For random intercepts only, even 2-3 measurements per subject can work. For random slopes, you need enough observations per subject to estimate individual slopes - typically 4-5+ time points. In the sleepstudy data, 10 measurements per subject allows reliable estimation of both intercepts and slopes. More observations per subject = better individual-level estimates; more subjects = better population-level estimates.

Q: My model won’t converge. What should I do?

Convergence issues usually mean your model is too complex for your data. Try:

Remove random slopes and keep only random intercepts
Remove correlation between random effects: (1 | Subject) + (0 + Days | Subject)
Scale your predictors using scale()
Check for outliers or data entry errors

Q: Should I use lme4 or nlme for mixed models?

lme4 is generally preferred for modern analyses. It’s faster, handles crossed random effects better, and integrates well with the tidyverse. Use nlme if you need specific correlation structures or heterogeneous variances.

Q: How do I get p-values for fixed effects?

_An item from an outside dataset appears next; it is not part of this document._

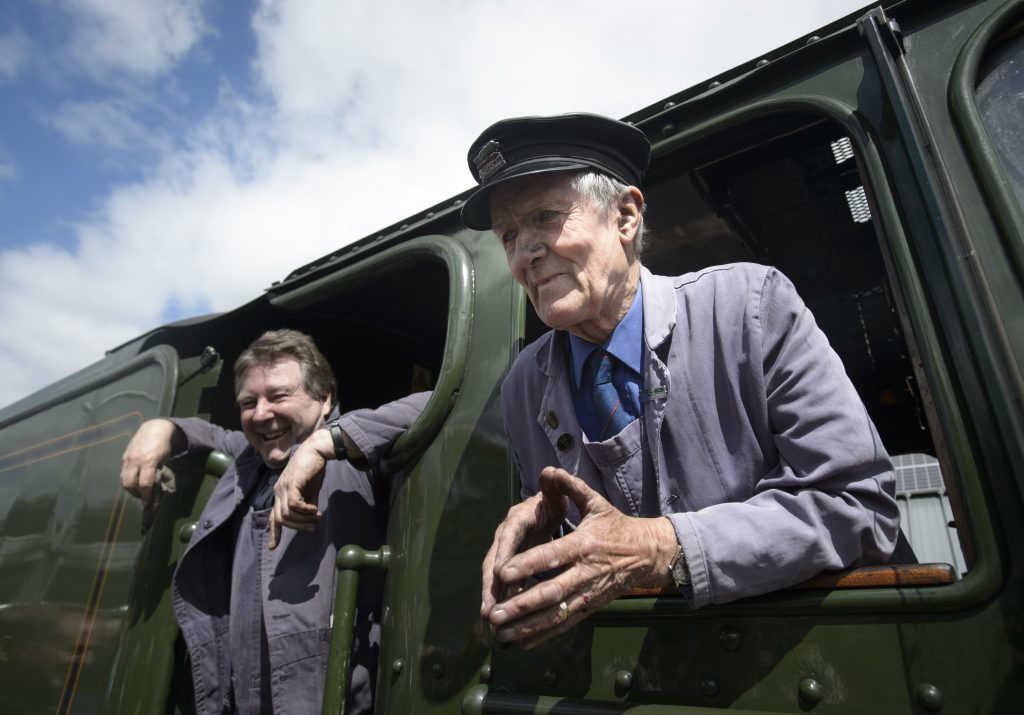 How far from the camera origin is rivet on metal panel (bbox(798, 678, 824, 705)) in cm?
91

lme4 deliberately doesn’t provide p-values because calculating degrees of freedom for mixed models is complex. Options include:

Use the lmerTest package which adds p-values via Satterthwaite approximation
Use likelihood ratio tests with anova()
Use confidence intervals: if 95% CI doesn’t include zero, effect is “significant”

Q: Can I use mixed models for binary outcomes?

Yes! Use glmer() instead of lmer() with family = binomial. For example: glmer(success ~ treatment + (1 | subject), family = binomial, data = df). See our logistic regression guide for background on binary outcomes.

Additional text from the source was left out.